I've tried wuauclt /a / detectnow

0x80190194 = HTTP 404

Does http://aberdeen.qts-home.local/selfupdate/wuident.cab exist?

http://support.microsoft.com/kb/920659 might be worth looking into.

Snowknight26 said:

0x80190194 = HTTP 404

Does http://aberdeen.qts-home.local/selfupdate/wuident.cab exist?

Click to expand...

Ahh... It's not browsable. The file is there on the server as \Program Files\Update Services\SelfUpdate\wuident.cab.

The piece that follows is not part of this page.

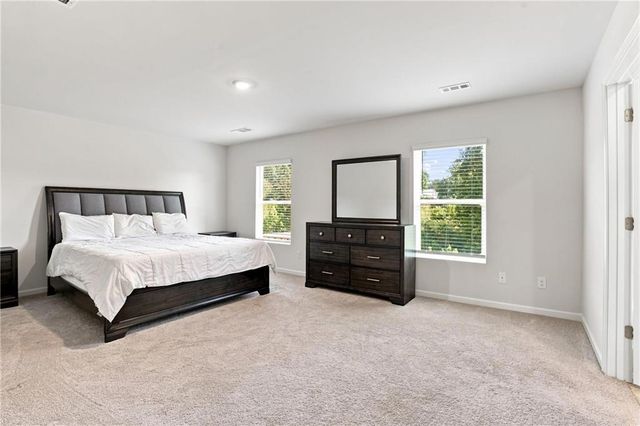 10 Quail Pass, Dawsonville, GA 30534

http://support.microsoft.com/kb/920659 might be worth looking into.

Click to expand...

That's for a version of WSUS on Server 2003 - well out of date.

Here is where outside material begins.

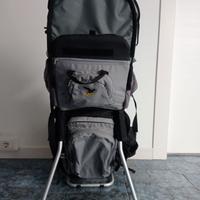 Zaino porta bimbo Salewa Koala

I've checked that Anonymous Authentication is enabled in IIS Manager. Permissions on the SelfUpdate folder are

C:\Program Files\Update Services>icacls selfupdate
selfupdate NT SERVICE\TrustedInstaller:(I)(F)
NT SERVICE\TrustedInstaller:(I)(CI)(IO)(F)
NT AUTHORITY\SYSTEM:(I)(F)
NT AUTHORITY\SYSTEM:(I)(OI)(CI)(IO)(F)
BUILTIN\Administrators:(I)(F)
BUILTIN\Administrators:(I)(OI)(CI)(IO)(F)
BUILTIN\Users:(I)(RX)
BUILTIN\Users:(I)(OI)(CI)(IO)(GR,GE)
CREATOR OWNER:(I)(OI)(CI)(IO)(F)
APPLICATION PACKAGE AUTHORITY\ALL APPLICATION PACKAGES:(I)(RX)
APPLICATION PACKAGE AUTHORITY\ALL APPLICATION PACKAGES:(I)(OI)(CI)(IO
)(GR,GE)

Successfully processed 1 files; Failed processing 0 files

Solved it! I had to explicitly specify the port number, despite WSUS and GPEdit explicitly telling me that it would default to the correct (default) port.